We launched a number of jobs on Feb 24 that are still running; it is not unexpected for them to take a few days. However, they appear to be getting restarted while the old ones are still running. The stdout contains a start datestamp, and this date stamp keeps jumping around when you download the file repeatedly.
Eddie did more digging, and it appears that in this case there are three operations ids writing to the same stdout, one started on the 24th, another on the 27th, and a third today. This would indicate that three 32 core machines are busy working on the same thing and localizing to the same bucket path, it is not clear what will happen with the attributes when one of them finishes (does one win, are some jobs already forgotten, etc).

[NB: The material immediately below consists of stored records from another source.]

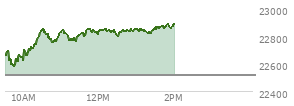 At 12:43 PM EST, the Nasdaq last traded at 22834.232,  up 317.541 points or 1.41%, which is 213.34 points above the open, 262.74 points above the low of the day, and 18.99 points below the high of the day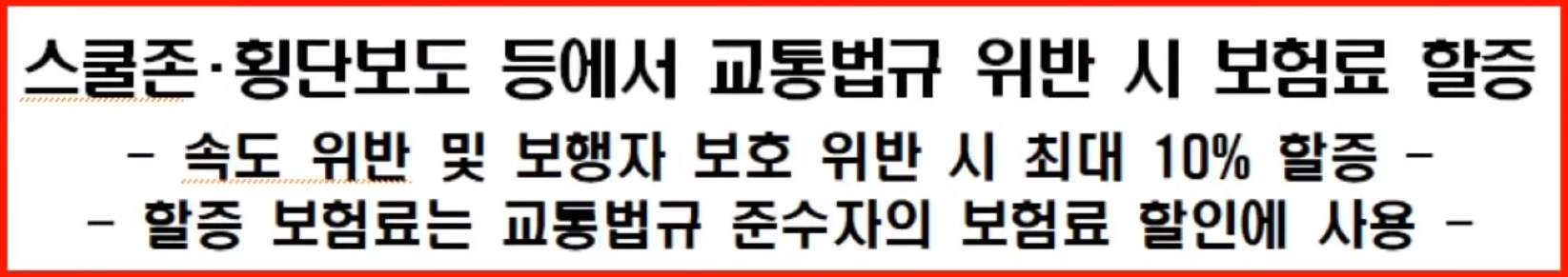  [도로교통법개정]어린이보호구역 과속/횡단보도 위반 보험료 할증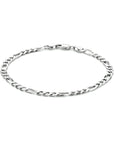 Zilver Gerhodineerd Armband Figaro 4,0 Mm 20 Cm 1333898 - PansiteNederland.nl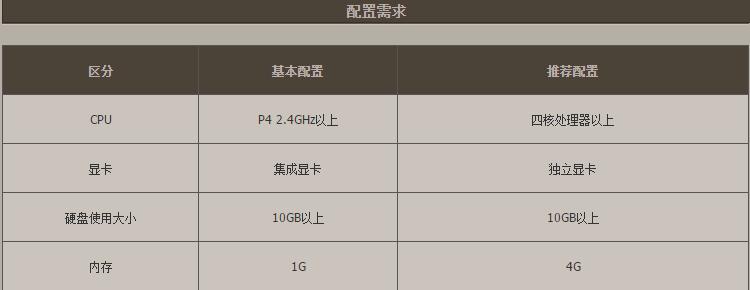 win7dnf停止响应,dnf官方致歉公告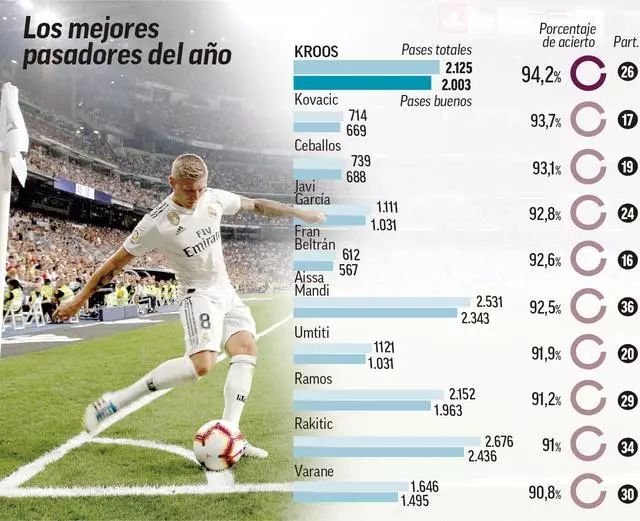 扛起尼克斯进攻！布伦森半场17中10轰下25分（布伦森半场17投10中砍下25分，撑起尼克斯进攻）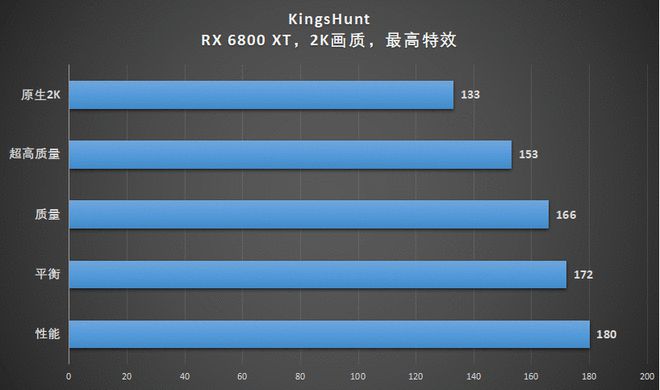 GT430显卡：究竟能否应对4K挑战？  第6张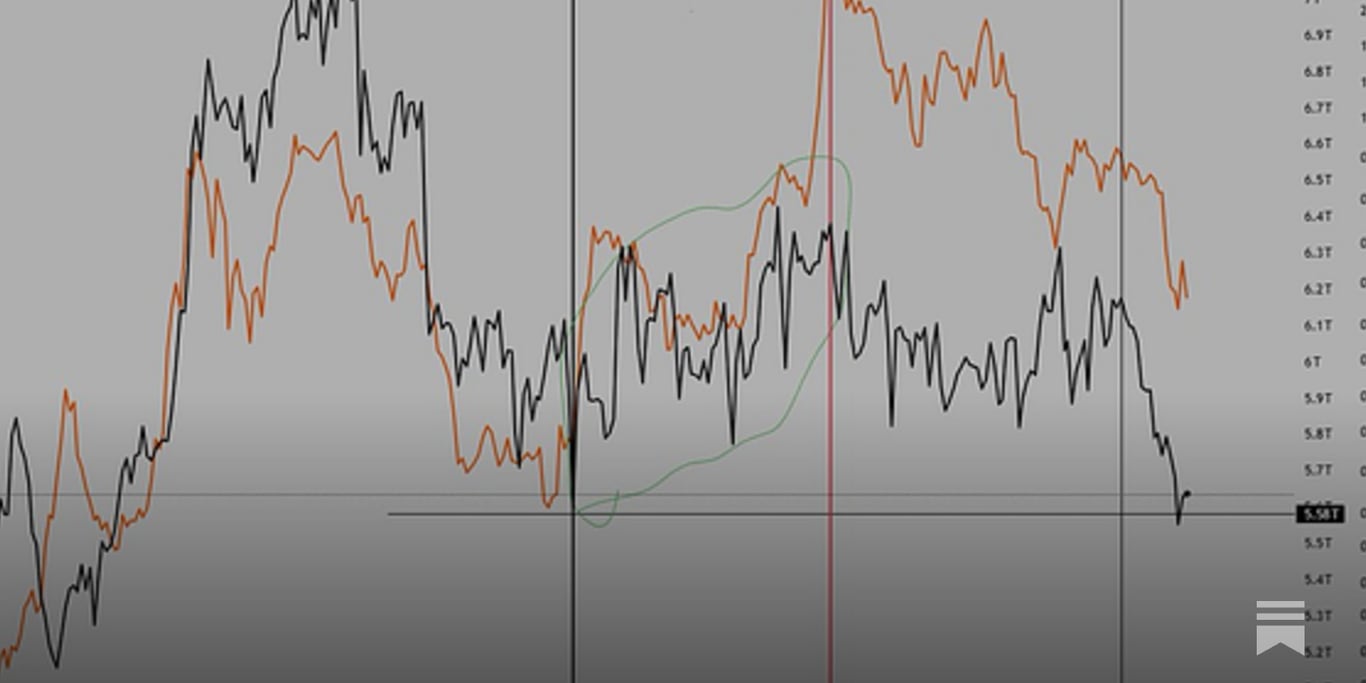 Crypto Underperformance Is Not In Isolation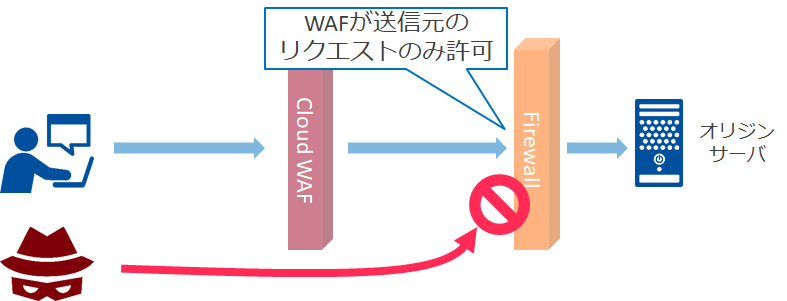 soc-analysis001-fig08.png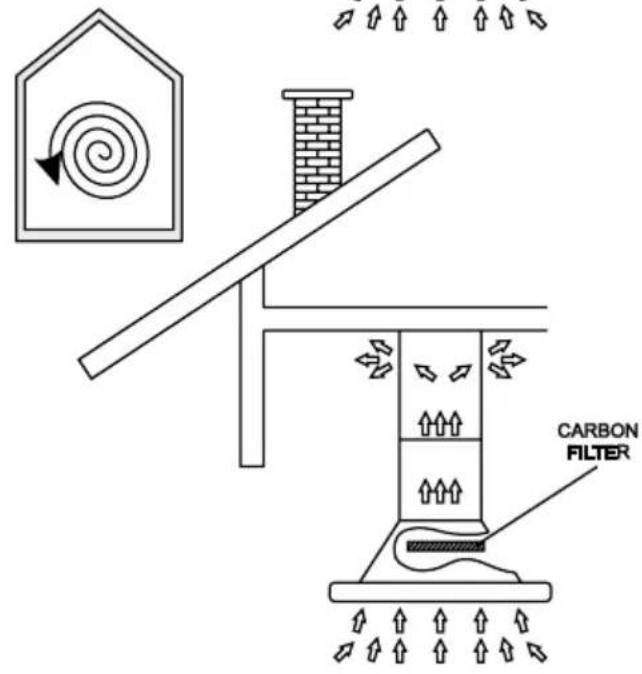CARBON FILTER
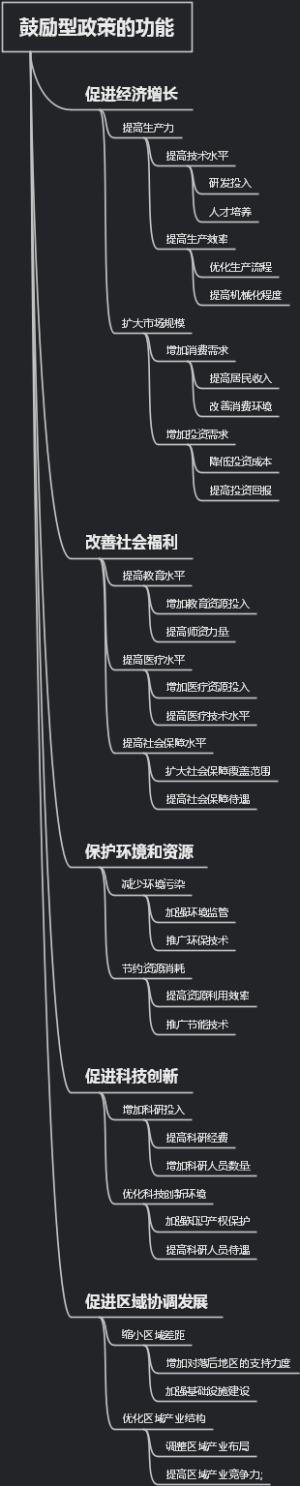 鼓励型政策的功能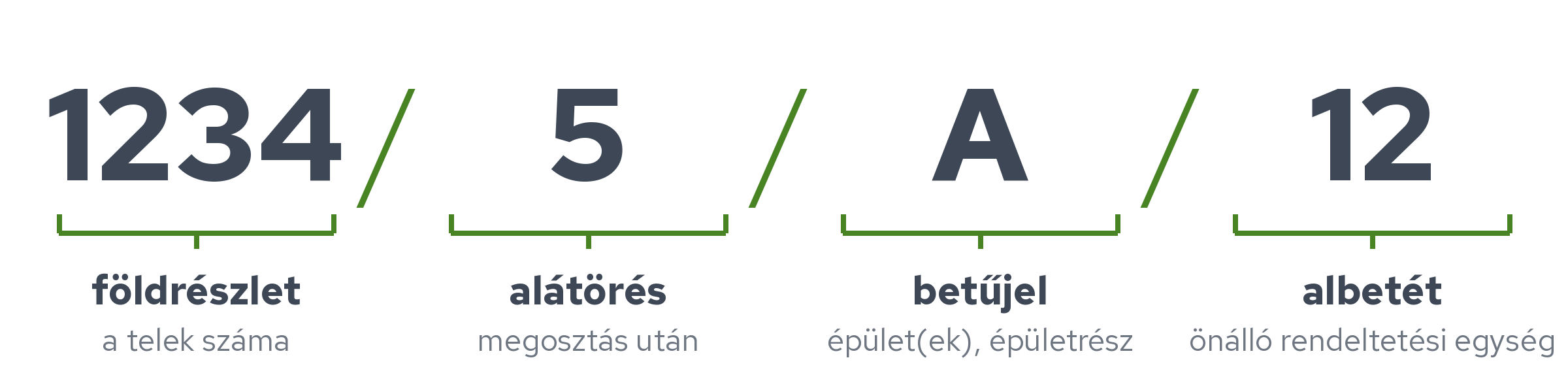 A helyrajzi szám leghosszabb, négyrészes formája: földrészlet, alátörés, betűjel, albetét
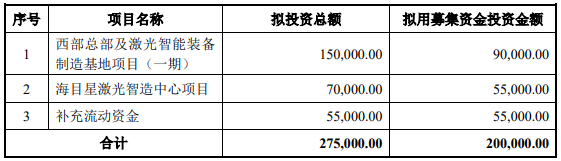 70億訂單在手！這家公司擬20億加碼光伏設(shè)備/動(dòng)力電池項(xiàng)目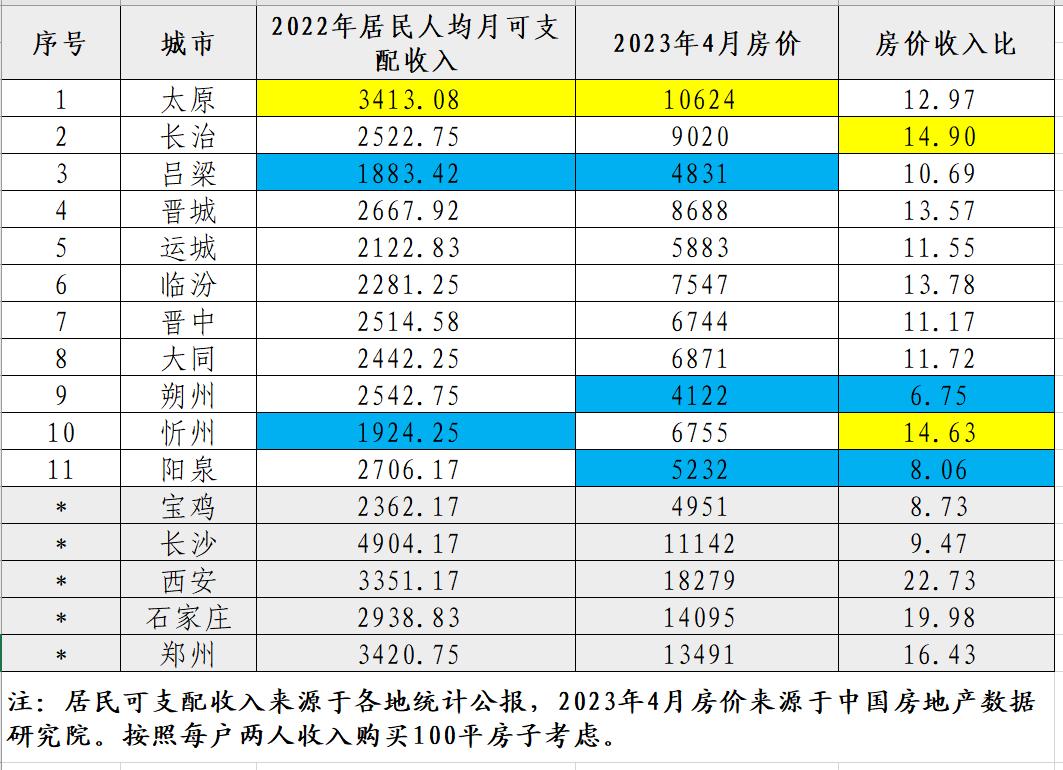 2024年12月2日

submission id: 4872ddf0-0b47-4da4-9381-7d3bc3ed678b
non-preemptible operations id's from one example task writing into the same bucket location:
operations/EKeB89KoKxjW39jp_qmSvI4BIP3g3tG1AioPcHJvZHVjdGlvblF1ZXVl
operations/EJb7mIioKxi728nH_Y3ajbEBIP3g3tG1AioPcHJvZHVjdGlvblF1ZXVl
operations/EPjWm5OnKxiy2dSLq8z-s-kBIP3g3tG1AioPcHJvZHVjdGlvblF1ZXVl
Is this related to Firecloud restarts?
Given the uncertainty of when/whether these will finish correctly, we are more interested at this point in killing (reaping?) these jobs, and restarting them using an algorithm tweak that should decrease the runtime.